Empirical identification and validation of tumor-targeting T cell receptors from circulation using autologous pancreatic tumor organoids.

BACKGROUND: Tumor-specific cytotoxic T cells and T cell receptors are effective tools for cancer immunotherapy. Most efforts to identify them rely on known antigens or lymphocytes that have infiltrated into the tumor bed. Approaches to empirically identify tumor-targeting T cells and T cell receptors by exploiting all antigens expressed on tumor cell surfaces are not well developed for most carcinomas, including pancreatic cancer. METHODS: Autologous tumor organoids were stimulated with T cells from the patients' peripheral blood for 2 weeks to generate the organoid-primed T (opT) cells. opT cell phenotype was analyzed by monitoring changes in the expression levels of 28 cell surface and checkpoint proteins. Expression of ligands of the immune checkpoints was investigated by immunohistochemistry staining. T cells were labeled with carboxyfluorescein succinimidyl ester (CFSE) and assayed by flow cytometry to monitor tumor-induced T cell proliferation changes. opT cell-mediated killing of three-dimensional organoids was measured using an M30 ELISA kit. T cell receptors (TCRs) were identified by deep sequencing of gDNA isolated from T cells, and the TCR specificity was confirmed by transferring TCRs to the T cell line SKW-3 or donor T cells. RESULTS: The co-culture was effective in the generation of CD8 + or CD4+opT cells. The opT cells killed autologous tumors in a granzyme B or Fas-Fas ligand-dependent manner and expressed markers of tissue-resident memory phenotype. Each patient-derived opT cell culture displayed a unique complement of checkpoint proteins. Interestingly, only NKG2A blockade showed a potent increase in the interferon-γ production compared with blocking programmed cell death protein 1 (PD-1) or programmed cell death ligand 1 (PD-L1) or TIM3 or TIGIT or LAG3. Importantly, TCR sequencing demonstrated a dramatic clonal expansion of T cells with a restricted subset of TCRs. Cloning and transferring the TCRs to heterologous T cells was sufficient to confer tumor cell recognition and cytotoxic properties in a patient-specific manner.
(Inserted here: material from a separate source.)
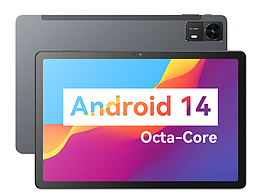 亚马逊系列套图--K10平板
CONCLUSION: We report a platform for expanding tumor-targeting T cells from the peripheral blood of patients with pancreatic cancer. We identify the NKG2A-HLA-E axis as a potentially important checkpoint for CD8 +T cells for pancreatic cancer. Lastly, we demonstrate empirical identification of tumor-targeting TCRs that can be used for TCR-therapeutics.

PDX-derived organoids model in vivo drug response and secrete biomarkers.

Patient-derived organoid models are proving to be a powerful platform for both basic and translational studies. Here we conduct a methodical analysis of pancreatic ductal adenocarcinoma (PDAC) tumor organoid drug response in paired patient-derived xenograft (PDX) and PDX-derived organoid (PXO) models grown under WNT-free culture conditions. We report a specific relationship between area under the curve value of organoid drug dose response and in vivo tumor growth, irrespective of the drug treatment. In addition, we analyzed the glycome of PDX and PXO models and demonstrate that PXOs recapitulate the in vivo glycan landscape. In addition, we identify a core set of 57 N-glycans detected in all 10 models that represent 50%-94% of the relative abundance of all N-glycans detected in each of the models. Last, we developed a secreted biomarker discovery pipeline using media supernatant of organoid cultures and identified potentially new extracellular vesicle (EV) protein markers. We validated our findings using plasma samples from patients with PDAC, benign gastrointestinal diseases, and chronic pancreatitis and discovered that 4 EV proteins are potential circulating biomarkers for PDAC. Thus, we demonstrate the utility of organoid cultures to not only model in vivo drug responses but also serve as a powerful platform for discovering clinically actionable serologic biomarkers.